=== WHAT IS BEING ASKED ===
All of the data is to be written out again exactly, without the pictures.

=== RECORDED INFORMATION ===

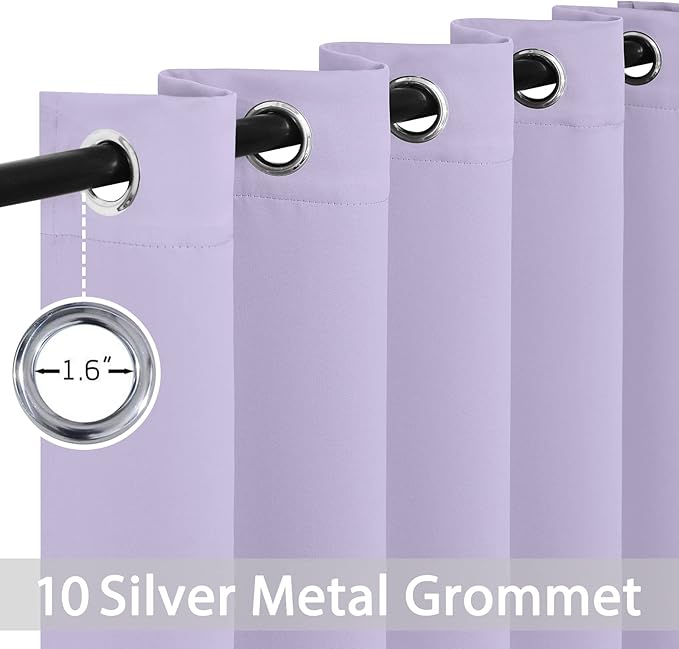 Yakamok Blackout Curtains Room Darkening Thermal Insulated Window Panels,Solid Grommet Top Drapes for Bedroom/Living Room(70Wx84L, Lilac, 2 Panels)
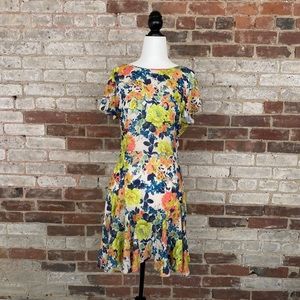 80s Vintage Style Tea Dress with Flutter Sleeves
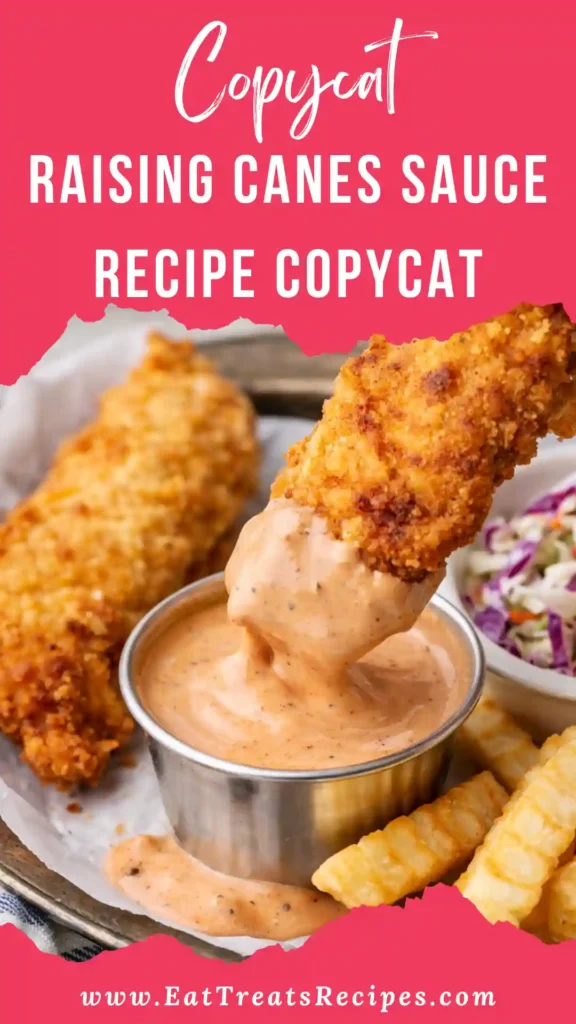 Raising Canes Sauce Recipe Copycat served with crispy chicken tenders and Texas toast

=== COMPLETED EXERCISE ===
 Yakamok Blackout Curtains Room Darkening Thermal Insulated Window Panels,Solid Grommet Top Drapes for Bedroom/Living Room(70Wx84L, Lilac, 2 Panels)
 80s Vintage Style Tea Dress with Flutter Sleeves
 Raising Canes Sauce Recipe Copycat served with crispy chicken tenders and Texas toast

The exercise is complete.